Doves released only four albums in total, all of them in the 2000s, before their hiatus took hold. Each of these is a favourite of mine and hence, each has its place near the top of my list of best albums for the years in which they were released. And given the appetite for their reformation, I’m pretty sure I’m not the only one who feels this way. For me, it was a difficult task to choose only five great tunes from their catalogue, but I did manage to represent each of the band’s four long players. And I want to state now that I reserve the right to revisit this list in the future, should this reformation lead to new material because I am sure they’ve got same amazing new music left in them, just waiting to be unleashed on us. Here’s hoping, right fellow fans?

In the meantime, have a perusal of the songs below and as always, let me know your favourite Doves tunes. I’m always willing talk this band.

The top five:

#5: Walk in fire (from “Some cities”, 2005)
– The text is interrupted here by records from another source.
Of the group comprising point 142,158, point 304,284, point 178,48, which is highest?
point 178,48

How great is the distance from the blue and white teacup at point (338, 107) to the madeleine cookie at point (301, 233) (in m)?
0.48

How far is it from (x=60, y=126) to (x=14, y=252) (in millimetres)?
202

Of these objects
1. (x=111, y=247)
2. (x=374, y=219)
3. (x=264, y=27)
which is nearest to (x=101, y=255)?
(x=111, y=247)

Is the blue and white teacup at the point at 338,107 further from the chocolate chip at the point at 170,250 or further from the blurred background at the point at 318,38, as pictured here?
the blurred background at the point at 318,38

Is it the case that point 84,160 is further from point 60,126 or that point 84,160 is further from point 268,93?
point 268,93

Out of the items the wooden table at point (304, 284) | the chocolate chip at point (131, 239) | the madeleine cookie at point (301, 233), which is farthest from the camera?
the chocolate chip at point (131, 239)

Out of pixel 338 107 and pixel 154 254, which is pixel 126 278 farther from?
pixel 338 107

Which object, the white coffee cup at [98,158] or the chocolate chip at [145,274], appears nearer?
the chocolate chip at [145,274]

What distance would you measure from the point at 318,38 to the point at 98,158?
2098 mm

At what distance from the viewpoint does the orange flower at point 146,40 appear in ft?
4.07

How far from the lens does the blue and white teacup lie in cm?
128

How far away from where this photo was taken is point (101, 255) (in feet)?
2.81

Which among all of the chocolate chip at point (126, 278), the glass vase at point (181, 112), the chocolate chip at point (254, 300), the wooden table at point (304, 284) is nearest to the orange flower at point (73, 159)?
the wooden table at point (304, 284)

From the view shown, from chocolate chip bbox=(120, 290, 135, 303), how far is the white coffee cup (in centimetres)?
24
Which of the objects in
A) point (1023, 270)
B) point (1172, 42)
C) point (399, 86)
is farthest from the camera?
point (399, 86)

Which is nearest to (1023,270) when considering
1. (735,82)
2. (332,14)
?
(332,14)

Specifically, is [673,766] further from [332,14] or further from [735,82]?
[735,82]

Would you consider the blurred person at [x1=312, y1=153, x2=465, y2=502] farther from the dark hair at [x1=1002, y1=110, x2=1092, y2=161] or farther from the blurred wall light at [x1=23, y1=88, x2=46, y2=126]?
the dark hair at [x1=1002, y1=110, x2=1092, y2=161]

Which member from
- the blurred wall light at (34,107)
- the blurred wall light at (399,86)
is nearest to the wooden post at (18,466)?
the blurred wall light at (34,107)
Kicking things off with song number five, it is a tune never released as a single from Doves’ third studio album, “Some cities”. This was the first album released after I had discovered them so it was also the first album that I had heaped expectations upon. This anticipation led to an initial letdown for me, the only time I experienced such a feeling with any of their albums. In fact, “Walk in fire” was an early favourite because it most closely resembled the work on “The last broadcast”. The rest of the album and its “stripped-down” approach has since grown on me but this one still remains the standout. It’s a song that builds over its five and a half minutes, which is something you might hear over and over again for these five tunes. Starting with a creak and a sigh, an arpeggio on the chiming guitars, and Goodwin wistfully singing about someone you could swear is from his past, or your past, the drums ease in after the first verse and the guitar effects hanging and teasing around thus far increase in insistence. By the time the chorus hits us with that line, “you’re not free till you walk in fire”, things have reached a pretty frantic dance pace. But it doesn’t stop there. Save for a brief respite at the bridge, where things ease off to give space for a lovely echo of keys, Doves keep raising the bar right to the end, stoking the flames to a mass conflagration. All you have to do is walk through it.


#4: Kingdom of rust (from “Kingdom of rust”, 2009)

Our next tune here is the title track and first single off Doves’ fourth and final album, “Kingdom of rust”. It is the second track behind album opener, “Jetstream”, both of which I fell in love with from the beginning. In fact, it took a bit of time to get past these two tunes, they just kept repeating, the rest of the album didn’t reveal itself to me for well over a week after I got it. “Kingdom of rust” is also the only tune by Doves my wife Victoria likes, which still blows my mind. (I obviously need to work harder on her.) I’ve tried to figured why this one particular song appeals to her when the others don’t but the reason eludes me. I’ve thought that perhaps it’s not as fast past paced or busy as some of the others. Yet this is incorrect, the pace is definitely high energy though it feels slightly tempered by Andy Williams opting for brushes over sticks on the skins. And even still, when his brother Jez decides to let loose on his guitar halfway through the song, the sticks return to play and they both unleash a fury. I also wondered if it was the liberal use of a string section, which never really hurts, to Victoria’s ear, though this isn’t the only track on which Doves employ the use of such orchestral sounds. I’m not sure I’ll ever figure it out but it’s a rocking track nonetheless.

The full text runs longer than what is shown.